Près de 300 000 citoyens sont descendues dans les rues de Montréal pour souffler un vent de changement. Pour Jean-Marie Lafortune, vice-président du syndicat des professeurs de l’Université du Québec à Montréal, la cause du développement durable va de pair avec la justice sociale. «La hausse des frais de scolarité est en contradiction avec l’idée de poursuite du bien commun qui passe par l’accessibilité aux services publics. L’éducation post-secondaire est l’un de ces services publics qui est actuellement menacé par le gouvernement libéral.»

Le vent tourne et le mouvement s’amplifie pour faire naître le printemps érable, clin d’œil au printemps arabe de 2011. Sorti de leurs terriers, le Rabbit Crew est venu faire un saut dans la manifestation. Groupe de revendications pour le mouvement étudiant, ils préfèrent les carottes et l’humour plutôt que le bâton. «Il faut une échappatoire et réussir à avoir du plaisir en même temps que l’on revendique», lance Leap Artist, personnage d’un des membres fondateur du groupe.

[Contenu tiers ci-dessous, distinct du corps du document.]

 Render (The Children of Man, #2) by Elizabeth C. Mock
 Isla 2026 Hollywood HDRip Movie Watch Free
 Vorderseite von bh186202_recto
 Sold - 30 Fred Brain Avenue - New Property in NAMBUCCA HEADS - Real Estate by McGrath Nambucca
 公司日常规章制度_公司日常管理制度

Sur le ton railleur, son acolyte Sir Jump-a-Lot explique que leur présence est nécessaire à la journée de la terre. «Charest s’en fout de la terre et il brise nos terriers. C’est important pour nous, le Rabbit Crew, d’avoir de bonnes maisons.»

Idéologie gréviste en tête avec une touche de comique, ils étaient d’abord présents pour supporter la cause citoyenne. «Parce que c’est rendu beaucoup plus gros qu’un mouvement étudiant. C’est rendu un mouvement social, raconte Leap Arstist. Tout le monde trouve sa place et sa cause à l’intérieur. Ça affecte toute une société.» Benoît Couture, manifestant et démarreur d’une entreprise d’horticulture et de jardinage en Mauricie, rebondit sur ces propos. «Important et nécessaire parce que le jour de la terre et l’appel du printemps québécois visent toute la population, mais surtout les étudiants. C’est la prochaine génération qui prendra la relève et décidera de l’avenir collectif.»

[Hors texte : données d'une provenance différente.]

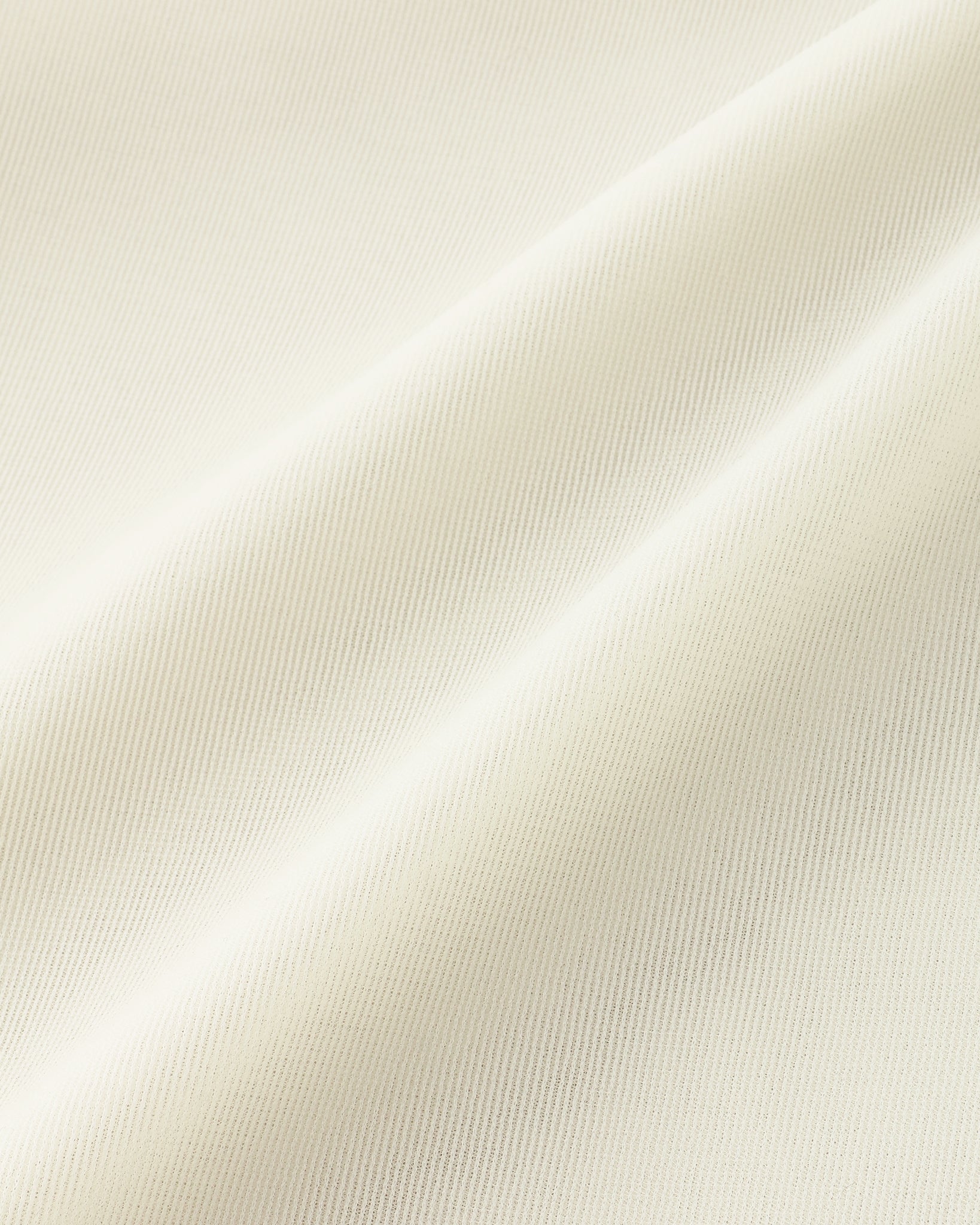 POWER SHOULDER NO SLEEVE PULLOVER(パワーショルダーノースリーブベスト)|BIYOMA(ビヨーマ)OFFICIAL ONLINE STORE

Malgré le nombre de citoyens dans les rues, Jean-Marie Lafortune reste sceptique vis-à-vis les réactions du gouvernement. «Le 22 mars, nous étions 200 000 dans les rues pour dire au gouvernement que nous n’étions pas d’accord et rien n’a bougé du côté du pouvoir. Ce gouvernement ne veut rien entendre.» Conscients que la partie est loin d’être terminée, Sir Jump-a-Lot confirme la présence du Rabbit Crew dans les prochains épisodes du printemps érable: «Il ne faut pas disparaître avant que les choses changent. Sinon, on va avoir perdu sur toute la ligne.» Confiant de l’ardeur des militants, Jean-Marie Lafortune croit qu’il revient maintenant aux leaders politiques d’agir. «La balle est maintenant dans le camp du gouvernement parce que c’est lui qui est en train de sacrifier la session des étudiants et certains pans du développement économique par son inaction.»